Because it's just a normal HTML <textarea>, users are free to input anything into the form. This means users can add raw HTML and JavaScript into the text area and submit it to the server as well:

Comment form

If the server side code doesn't do any sanitization of input, the user input will be injected into the page contents, and the browser will interpret the HTML and JavaScript and execute it. In this case an alert message will pop up, which is definitely not the desired outcome. Attackers can craft ingeniously malicious HTML and JavaScript and be very destructive to both the server as well as future visitors of this page. For example, an attacker can use JavaScript to grab the session id of every future visitor of this site and then come back and assume their identity. It could happen silently without the victims ever knowing about it. Note that the malicious code would bypass the same-origin policy because the code lives on the site.
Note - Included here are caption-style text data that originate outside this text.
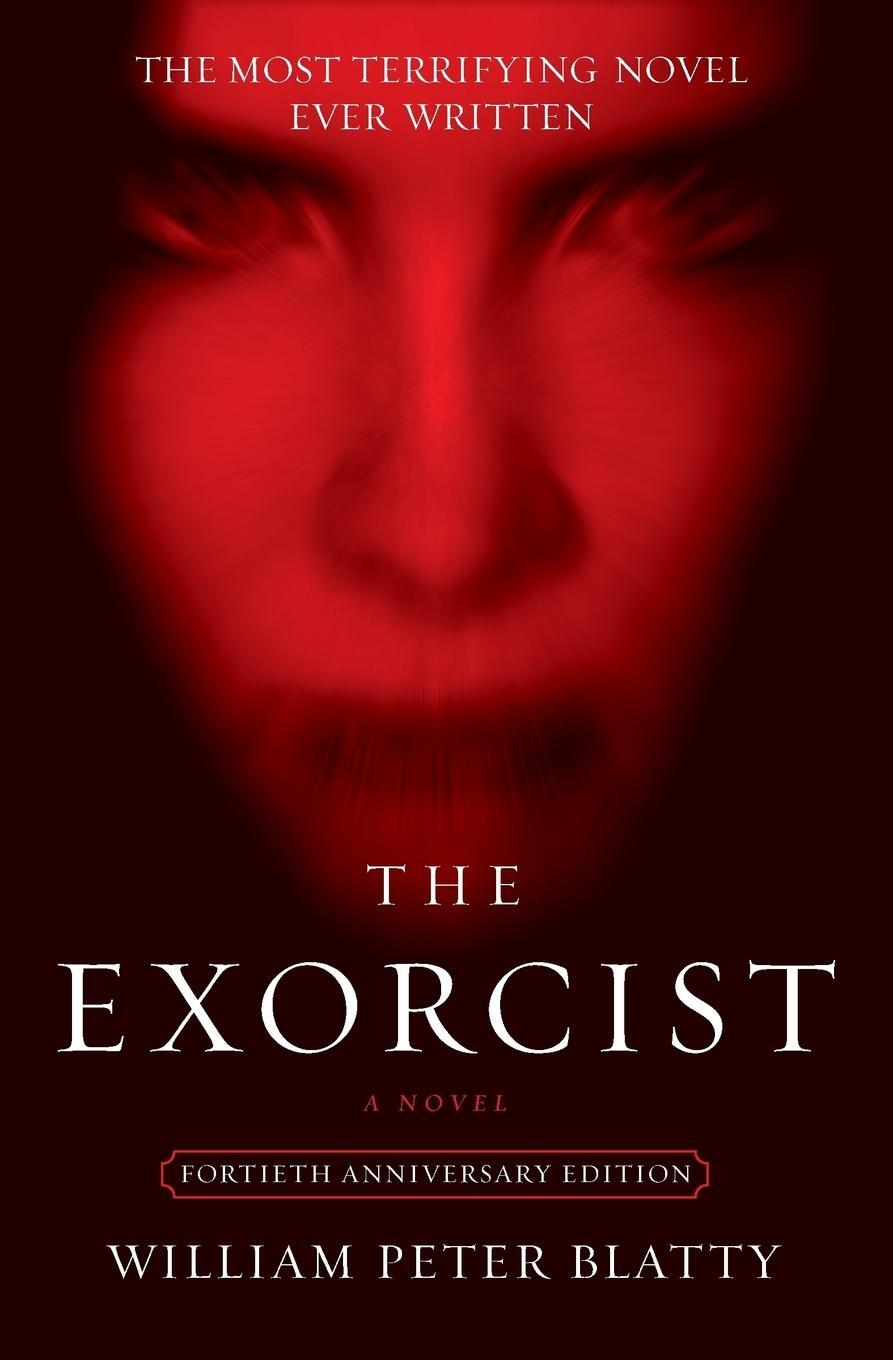Cover: 9780062094360 | Exorcist, The | William Peter Blatty | Taschenbuch | Paperback | 2013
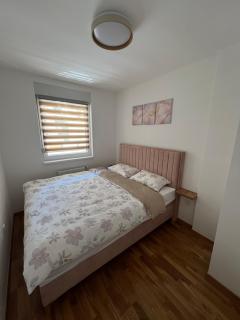 Elita Apartmani - Ivišovo Greblje - 5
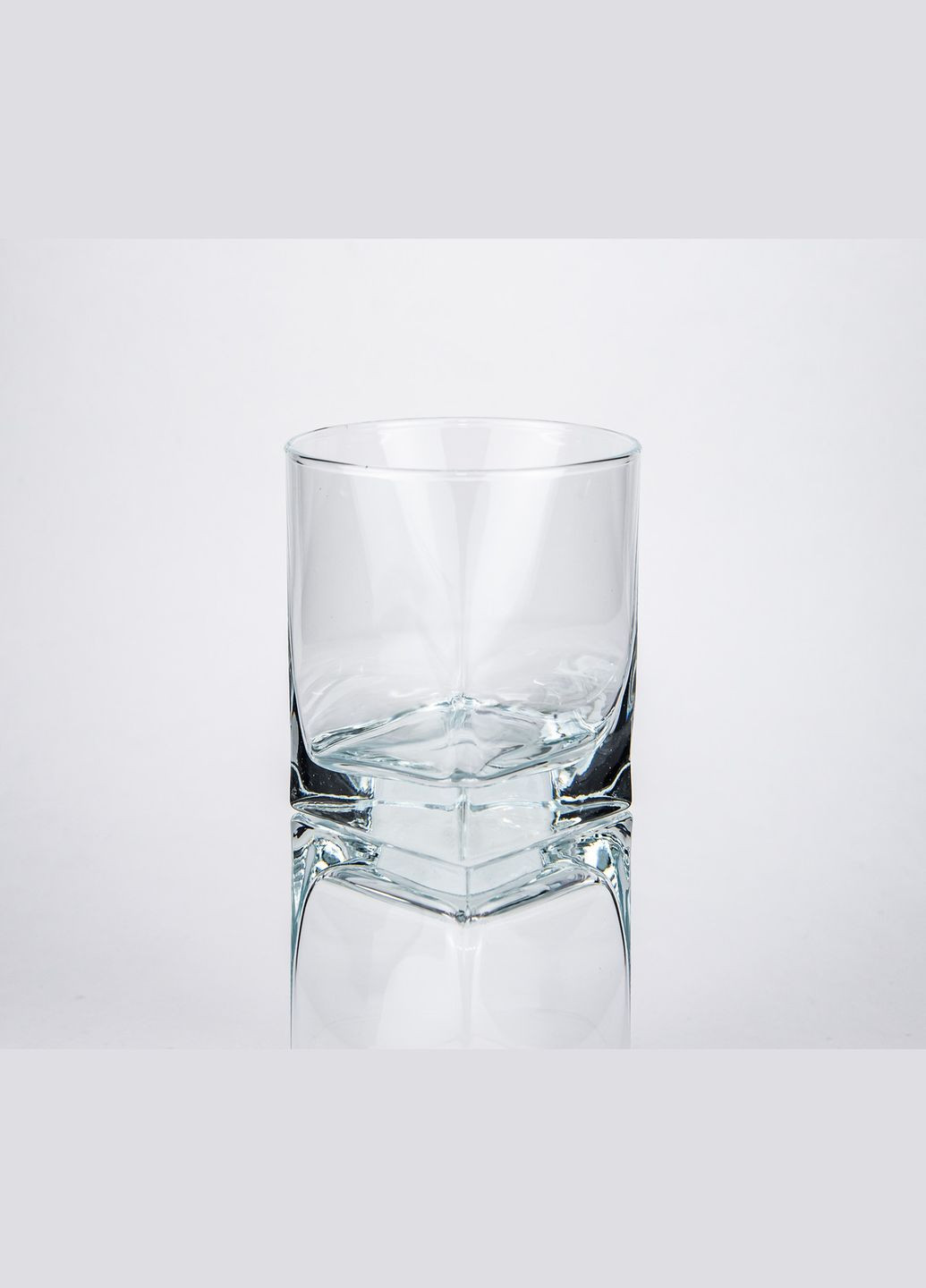 Склянка Pasabahce (278365249)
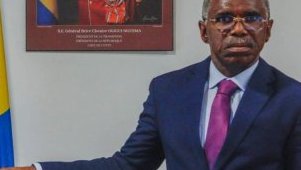 Législatives 2025 : la Cour constitutionnelle invalide les candidatures du parti « Réappropriation du Gabon »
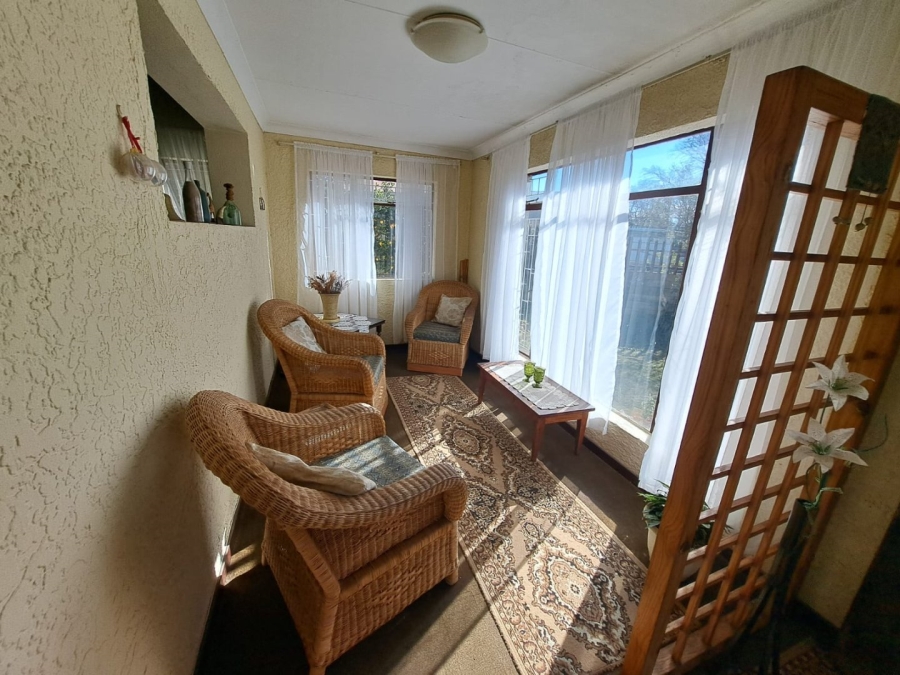 3 Bedroom Property for Sale in Noycedale Gauteng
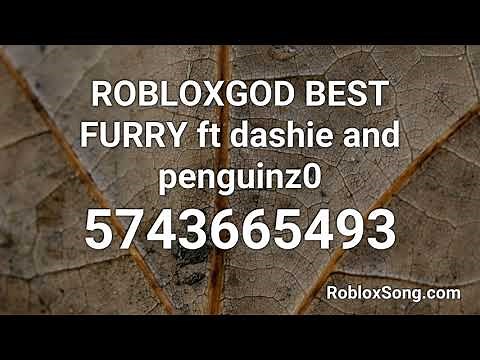 Chucky Roblox Song Id Zonealarm Results - elevator music roblox id loud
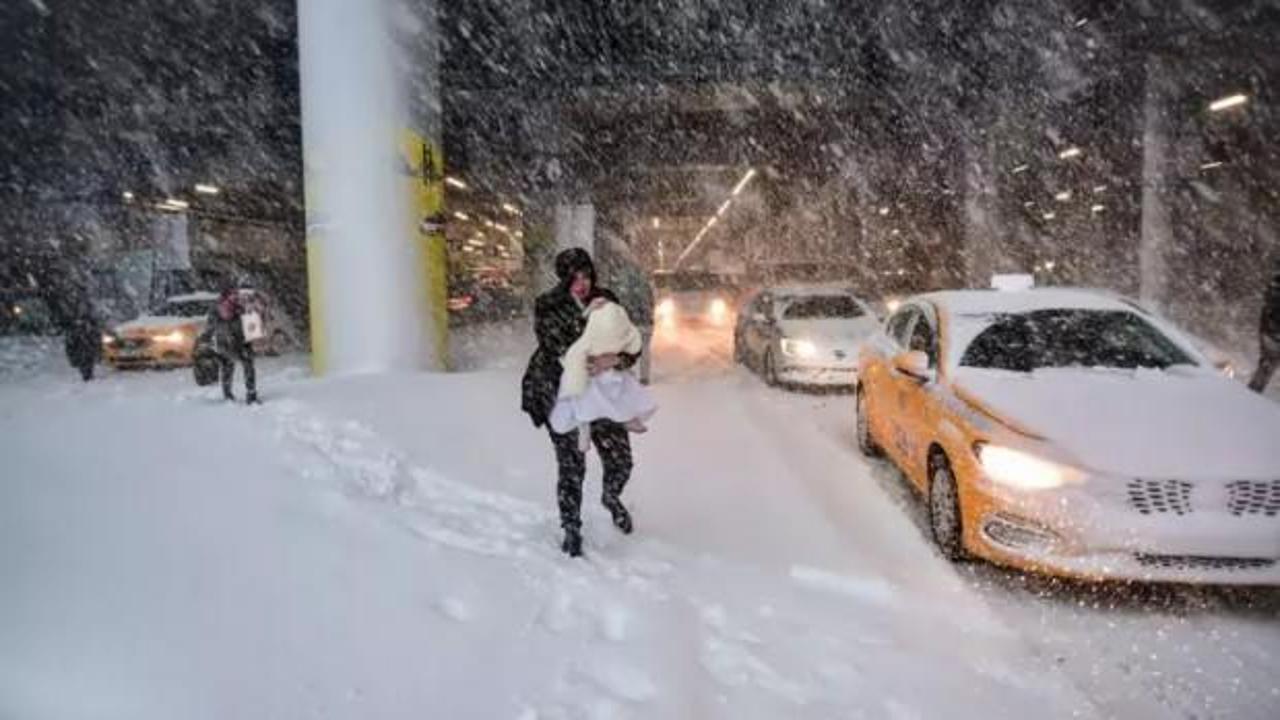 Tayvan’da soğuk hava 145 can aldı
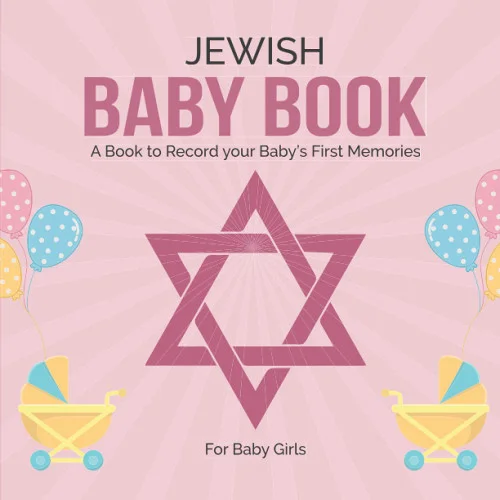 americanbookwarehouse11-1112420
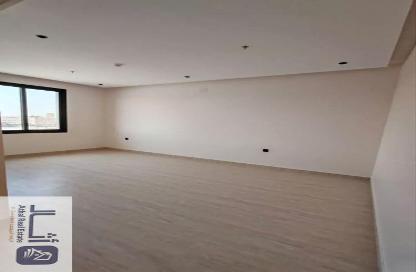 Apartment - 3 - 2 for sale in Ishbiliyah - Riyadh - Ar Riyadh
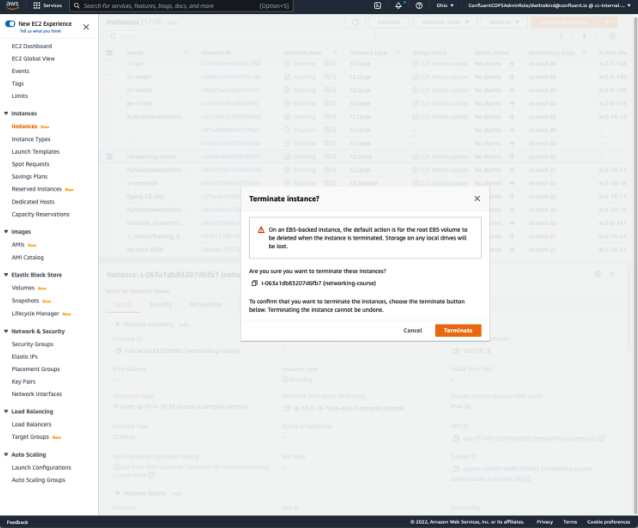 confluent-cloud-networking-release-privatelink-aws-ec2-instance-3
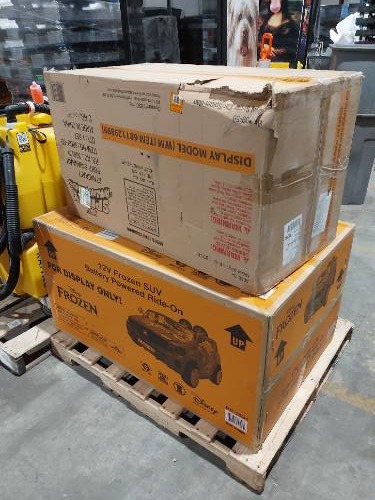 https://ct-prod-container-files.controltower.tech/prod/containers/2026/05/CT-146-000084748/5e828778-938a-41aa-97d0-e1d56deee039/17785376032412491117825785034900.jpg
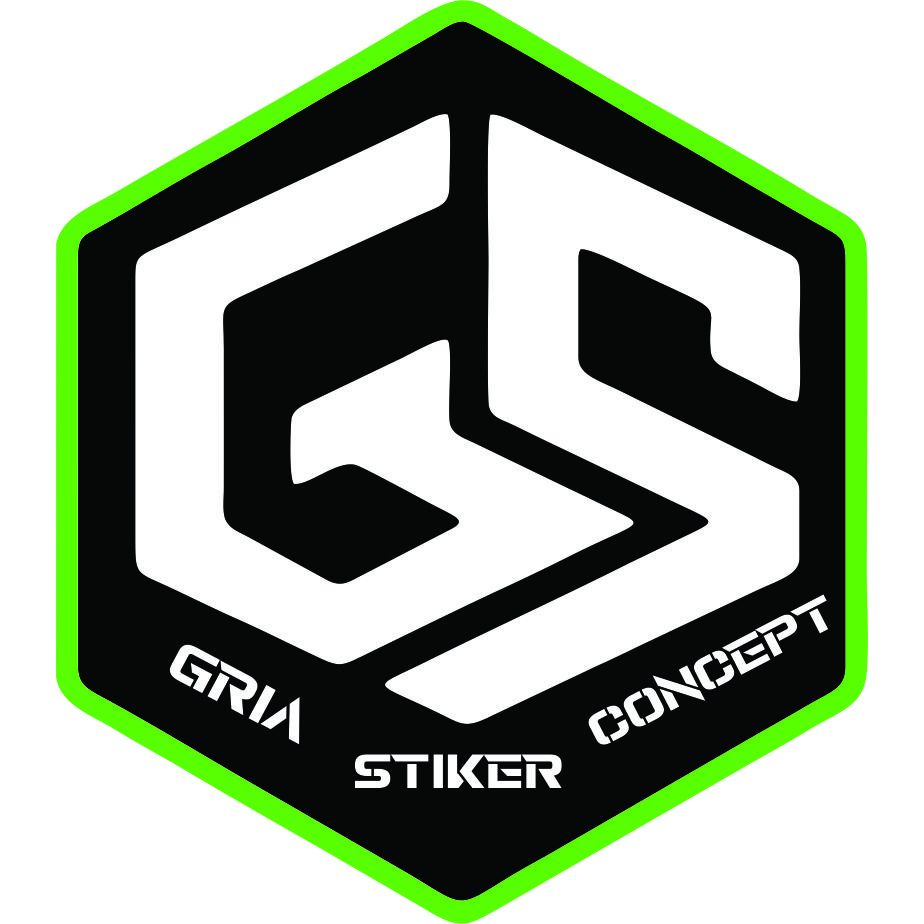 Yougz Rezeky Stiker Kaca Depan Mobil Isuzu Panther Cutting Stiker Kaca Mobil Panther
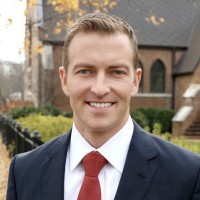 Erik Amason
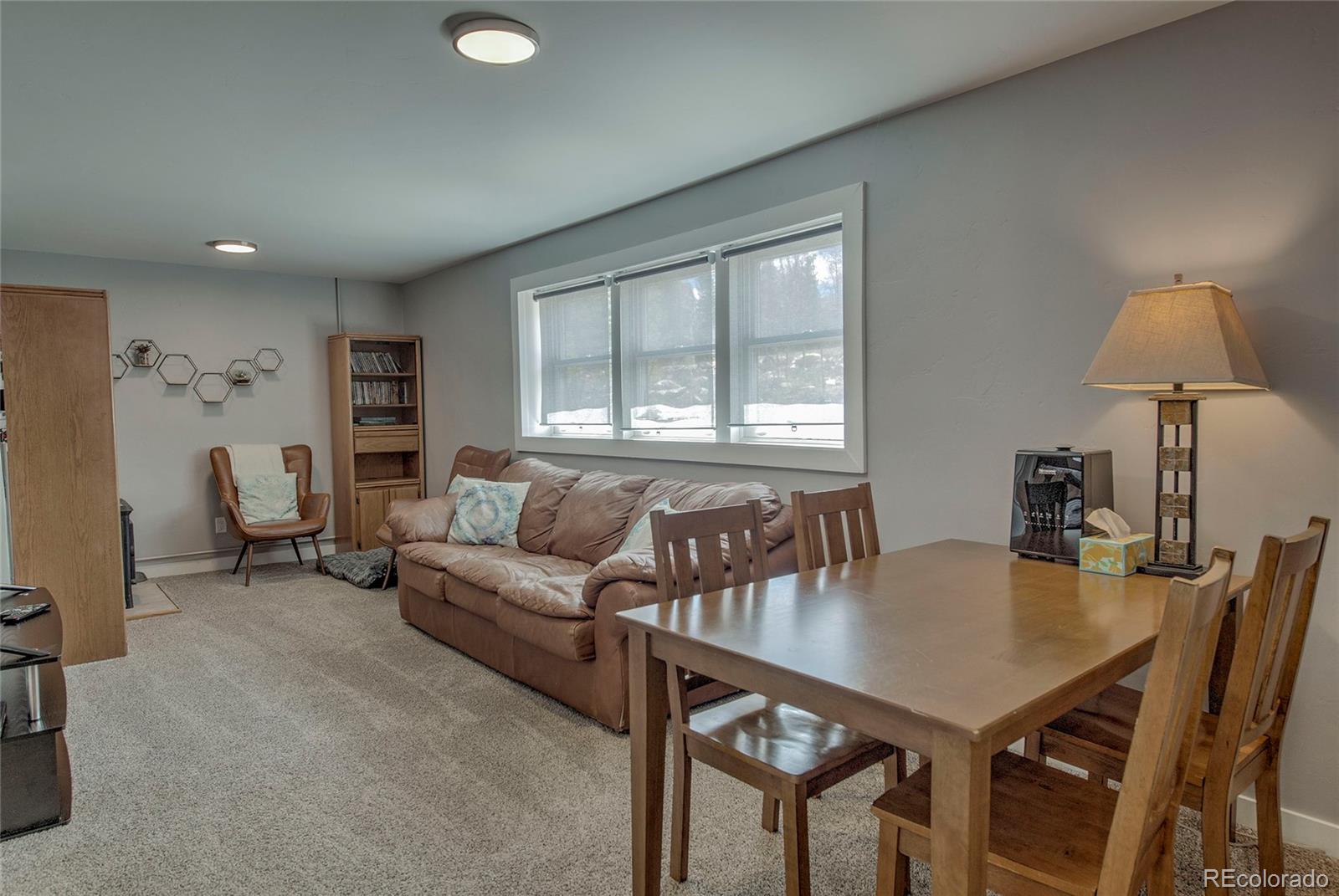 MLS Image #19 for 472  ryan gulch road,silverthorne, Colorado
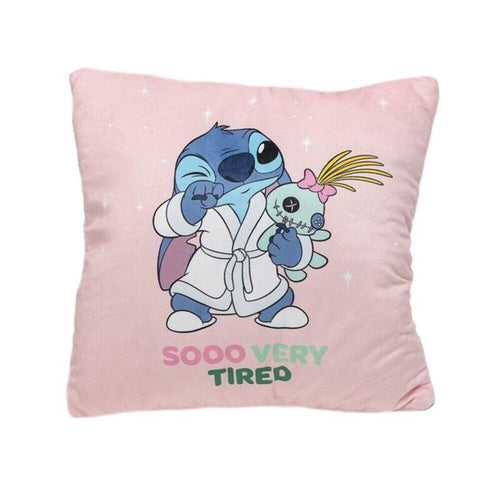 Disney Cojin Stitch — image 1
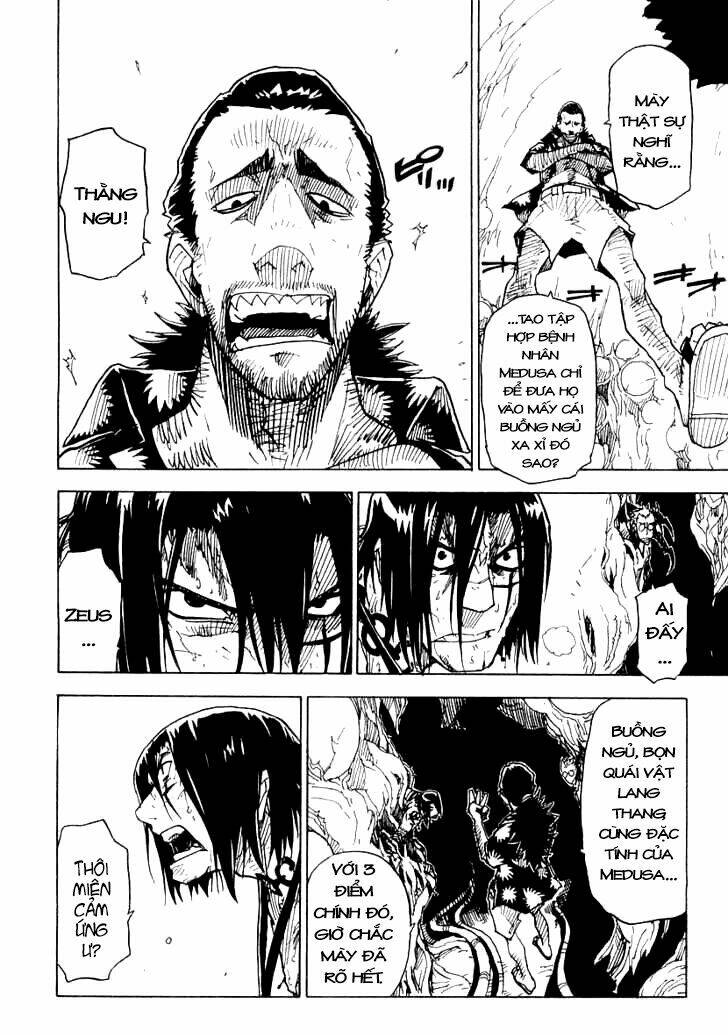 king of thorns chapter 29 13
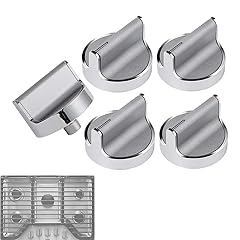 W10594481 gas stove for sale  Delivered anywhere in USA 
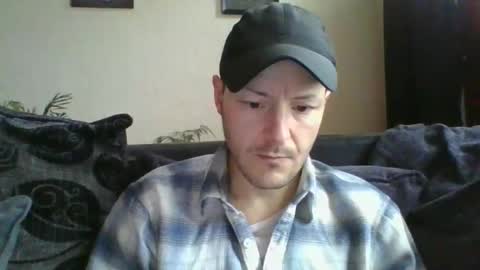 sexy lad looking for fun online show from February 11, 2:35 pm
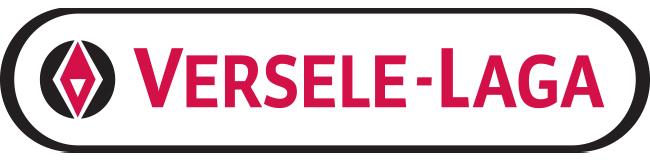 Versele-Laga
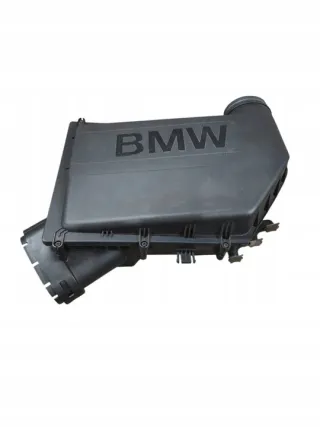 7604404 Корпус воздушного фильтра BMW 5 F10/F11/GT F07 Арт e12543185, вид 1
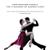 A Evaristo Carriego - Frank Kim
Potential solutions for cross-site scripting

One way to prevent this kind of attack is by making sure to always sanitize user input. This is done by eliminating problematic input, such as <script> tags, or by disallowing HTML and JavaScript input altogether.
The second way to guard against XSS is to escape all user input data when displaying it. If you do need to allow users to input HTML and JavaScript, then when you print it out, make sure to escape it so that the browser does not interpret it as code.

Escaping

We mention the term "escaping" above. To escape a character means to replace an HTML character with a combination of ASCII characters, which tells the client to display that character as is, and to not process it; this helps prevent malicious code from running on a page. These combinations of ASCII characters are called HTML entities.

Consider the following HTML: <p>Hello World!<\p>. Let's say we don't want the browser to read this as HTML. To accomplish this, we can escape special characters that the browser uses to detect when HTML starts and ends, namely < and >, with HTML entities. If we write the following: <p>Hello World!<\p>, then that HTML will be displayed as plain text instead.

Summary

In this section, we covered various aspects of security in web applications. Needless to say, this is a huge topic, and we've only scratched the surface of a few common issues. The point of this chapter is to reveal how fragile and problematic developing and securing a web application is, and it's mostly due to working with HTTP.